Fans often don’t understand the vast differences between the majors and minors. The more personal connection with fans can be a positive, reputation-building experience, but it was a face-to-face incident that led Tissenbaum to realize how powerful his voice is in informing fans.

"A guy at a game yelled at me when I wouldn’t throw him a signed ball. He called me an overpaid, selfish, jerk. And I thought. ‘Overpaid?’"

Tissenbaum’s leveling response was a post entitled ‘A Few Notes for "FANS" ‘. He didn’t fly off the handle or take a sarcastic tone (outside of the headline), instead he offered a clear, thoughtful description of what his life and job are like every day.

How important is minor league player’s social media habits to the minor leagues? To their teams? It’s interesting to observe the recent MiLB attendance statistics that were released earlier this week. Showing that this marks the 10th straight year minor league attendance surpassed 40 million. In the past ten years, there are certainly more blogs, bigger media attention, and increased fan interaction through social media.

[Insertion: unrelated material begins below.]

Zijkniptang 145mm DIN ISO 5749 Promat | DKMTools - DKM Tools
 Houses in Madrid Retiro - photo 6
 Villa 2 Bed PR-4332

Also in ten years, young baseball fans have become increasingly attached to their phones, hungry for information about their biggest interests.

"I’m always incredibly mindful of what I share, because you never know who’s reading it. I realized recently how many kids follow me. The last thing I want to do is set a bad example, "said Schlact.

Tissenbaum echoes this, saying, "It’s all about managing the message."

Minor league players can promote the game in another way via social media. With the hit the game has taken with steroids allegations against some of the biggest players to ever play professional baseball, a new era has begun. Fans have expressed feelings of betrayal and fury toward those that have tested positive or even been accused. They don’t want anyone under that umbrella in the baseball Hall of Fame. With harsher penalties in place, and less tolerance, fans are looking for the young players that will usher in that new clean era of baseball, while feeling like they’re rooting for someone they sort of feel like they know. By playing the game clean, and connecting with fans, they promote the game just by being themselves.

In the minors, promotions are extremely important and a fan favorite. But when the players come off the field, then jump on their social media outlet of choice, they’re the game’s best promoters.